Well, it's also just bad engineering tbh. What they're trying to do here is take a workflow intended for humans to make arbitrary code changes and other humans to review those changes, then restrict it to be a workflow for machines to update two keys in a database. Why not just introduce a real API for people to submit new versions instead of hacking one together from tools never meant for this use case?

Honestly I use brew and love it but the decision to make everything git and ruby is super hacky. And fundamental architectural decisions like that aren't something you can fix with donations.


yep is a founding decision, so they can use free git/github infrastructure to run their entire backend, and someone else pays for it. To do what you describe would require hosting something outside of that, which would cost $.

Reminds me of at least 1 github engineering blogpost where they reference Homebrew repo(s) as pathological examples, repos that cause them pain to operate effectively because they just don't 'look' like almost anything else.

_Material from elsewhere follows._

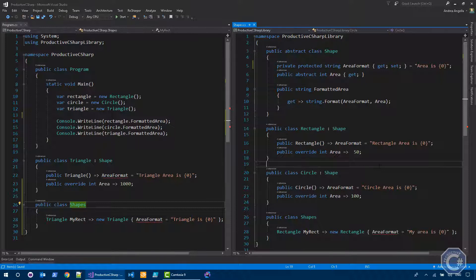This access modifier was always available in the CLR, so it doesn't require any change to the CLR. But it was never actually been implemented in C Sharp, mostly because it was actually quite difficult to name.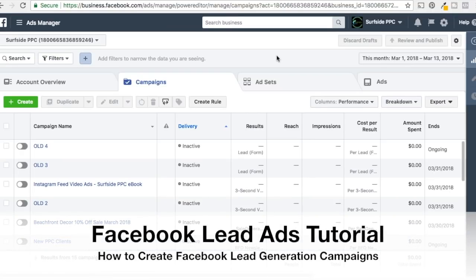What's up everyone? Welcome to the Surfside PPC YouTube channel. Today we're going to be going over Facebook lead ads, also referred to as Facebook lead generation campaigns.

Is what happens when you build your entire architecture around using someone elses free-tier / public service.


would be interested to see that blog post if you happen to have a link, couldn’t find it googling “github engineering blog homebrew”


Not brew, but a very similar set of issues were faced by the GitHub team with the CocoaPods project, which at the time worked similar to Homebrew in that they used github as a CDN/host in a somewhat uncommon way:

https://blog.cocoapods.org/Master-Spec-Repo-Rate-Limiting-Po...

https://github.com/CocoaPods/CocoaPods/issues/4989#issuecomm...


I can't find it either; but the post I remember was from someone from homebrew. IIRC, homebrew used to do a shallow clone (the first time it ran everyday, or something like that) of the repo with all the taps and casks or whatever is in it. A big old git repo. I think github asked them to change homebrew, and they fixed so that it uses the regular git commands vs trying to get tricky and do a shallow clone.


Maybe, but this would require even more work, time and infrastructure.


I'd rather call it smart engineering that makes it easy for anyone to contribute. `brew bump-formula-pr` etc. are huge drivers behind Homebrew having among the largest number of contributors on GitHub.

It would help them a lot more if users like us contributed and volunteered to help maintain it. It's crazy that cask has over 100000 PRs and gets a few hundred everyday. For a team of just 20-30, that's insanely hard to manage.

Edit: spelling


They could have a convenient command line submission process for new versions without requiring every such change to be an actual PR. A simple web server that takes a POST request and converts it into a PR behind the scenes would be simpler for users as well, as there's no need then to clutter up your own github account with forks of their repo (or even to have a GH account in the first place).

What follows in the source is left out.